El economista observa semejanzas entre el crispado escenario económico de hoy los de 1929 y 1873, y hay otros expertos que descubren similitudes con la crisis de 1907.

“La gran diferencia está en los documentos que transportan el valor y que han hecho posible el excesivo palanqueo (over leveraging), los derivative securities, o derivados bursátiles -que agrupan una serie de títulos de propiedad e hipotecas y los reparten, los subdividen, los re-subdividen y los reparten- por los cuales el sistema ha sido desbordado”, indica.

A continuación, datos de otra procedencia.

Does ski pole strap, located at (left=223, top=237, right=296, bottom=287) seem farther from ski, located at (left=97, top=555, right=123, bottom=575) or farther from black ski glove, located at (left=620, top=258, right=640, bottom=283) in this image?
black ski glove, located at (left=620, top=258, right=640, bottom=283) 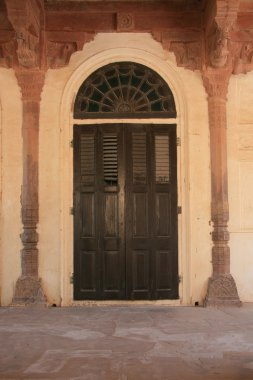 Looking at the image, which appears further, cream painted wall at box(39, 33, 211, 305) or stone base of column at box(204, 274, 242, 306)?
cream painted wall at box(39, 33, 211, 305)

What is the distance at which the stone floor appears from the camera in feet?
12.6

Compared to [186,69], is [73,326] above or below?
below

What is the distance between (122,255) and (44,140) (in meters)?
1.98

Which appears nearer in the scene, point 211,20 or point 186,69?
point 211,20

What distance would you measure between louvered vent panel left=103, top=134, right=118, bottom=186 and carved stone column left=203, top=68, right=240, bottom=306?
4.49 feet

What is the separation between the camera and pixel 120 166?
23.6ft

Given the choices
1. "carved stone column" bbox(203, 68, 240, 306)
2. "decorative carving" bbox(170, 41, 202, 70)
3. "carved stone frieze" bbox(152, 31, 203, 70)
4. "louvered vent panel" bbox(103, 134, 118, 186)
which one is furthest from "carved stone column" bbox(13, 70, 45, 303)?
"carved stone column" bbox(203, 68, 240, 306)

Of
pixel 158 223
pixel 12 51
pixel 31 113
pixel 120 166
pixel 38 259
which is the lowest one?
pixel 38 259

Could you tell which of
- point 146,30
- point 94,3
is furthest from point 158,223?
point 94,3

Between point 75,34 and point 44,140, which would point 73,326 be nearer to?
point 44,140

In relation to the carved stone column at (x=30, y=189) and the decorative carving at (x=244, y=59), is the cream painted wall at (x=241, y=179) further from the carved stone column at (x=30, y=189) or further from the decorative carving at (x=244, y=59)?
the carved stone column at (x=30, y=189)

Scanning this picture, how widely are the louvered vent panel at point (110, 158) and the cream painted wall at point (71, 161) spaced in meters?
0.50

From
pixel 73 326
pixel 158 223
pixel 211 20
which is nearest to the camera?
pixel 73 326

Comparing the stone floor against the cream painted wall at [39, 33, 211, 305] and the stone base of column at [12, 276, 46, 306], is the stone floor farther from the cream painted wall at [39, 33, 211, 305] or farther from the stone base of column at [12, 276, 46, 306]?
the cream painted wall at [39, 33, 211, 305] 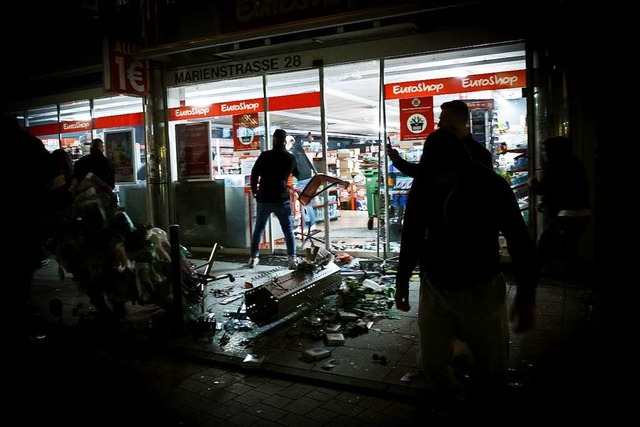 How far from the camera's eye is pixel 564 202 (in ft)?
19.6

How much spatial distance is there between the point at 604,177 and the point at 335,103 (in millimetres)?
6616

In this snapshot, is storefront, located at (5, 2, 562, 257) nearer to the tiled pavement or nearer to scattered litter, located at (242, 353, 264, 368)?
the tiled pavement

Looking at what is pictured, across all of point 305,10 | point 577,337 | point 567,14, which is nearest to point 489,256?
point 577,337

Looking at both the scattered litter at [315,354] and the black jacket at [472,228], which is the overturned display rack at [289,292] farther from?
the black jacket at [472,228]

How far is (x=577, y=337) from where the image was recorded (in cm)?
488

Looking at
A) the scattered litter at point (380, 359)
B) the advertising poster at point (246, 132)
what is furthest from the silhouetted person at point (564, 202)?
the advertising poster at point (246, 132)

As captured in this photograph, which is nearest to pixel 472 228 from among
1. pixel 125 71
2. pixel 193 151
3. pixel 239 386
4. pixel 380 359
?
pixel 380 359

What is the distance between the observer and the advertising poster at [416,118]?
27.5 feet

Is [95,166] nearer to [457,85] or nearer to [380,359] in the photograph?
[457,85]

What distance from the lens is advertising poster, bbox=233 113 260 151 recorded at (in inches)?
389

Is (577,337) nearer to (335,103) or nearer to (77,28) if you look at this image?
(335,103)

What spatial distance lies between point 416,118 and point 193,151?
15.1 ft

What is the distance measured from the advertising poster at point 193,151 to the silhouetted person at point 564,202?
6478 millimetres

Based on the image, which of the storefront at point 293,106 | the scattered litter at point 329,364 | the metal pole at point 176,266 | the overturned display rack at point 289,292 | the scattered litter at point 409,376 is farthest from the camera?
the storefront at point 293,106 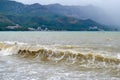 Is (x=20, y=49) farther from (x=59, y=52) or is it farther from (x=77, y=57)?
(x=77, y=57)

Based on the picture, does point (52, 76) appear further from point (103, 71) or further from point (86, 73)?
point (103, 71)

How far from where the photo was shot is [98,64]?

Esos instrumentos no existían anteriormente y su valor nominal - según el Bank for International Settlements (BIS) de Basilea- no baja de 600 trillones de dólares. “La pequeña diferencia radica en la globalidad de la recesión: anteriormente podía estar en Estados Unidos y Alemania, pero esta vez es verdaderamente mundial”, apunta.

“El Producto Bruto Internacional suma un poco menos de 60 trillones de dólares, pero esos papeles derivados son diez veces más grandes. No se trata entonces de un problema puramente monetario, ni financiero”, señala.

Dado que el sistema capitalista es esencialmente un sistema en el cual todos los valores, tangibles o intangibles, están representados en un documento legal que se llama propiedad, cada vez que se quiere transferir algo siempre se lo hace a través de un documento de propiedad, explica el autor de El otro sendero (1987).

“Tenemos por primera vez una inflación de documentos de propiedad y todavía los líderes occidentales no se han dado propiamente cuenta de que el mal no se va corregir hasta que no se retire ese papel tóxico”.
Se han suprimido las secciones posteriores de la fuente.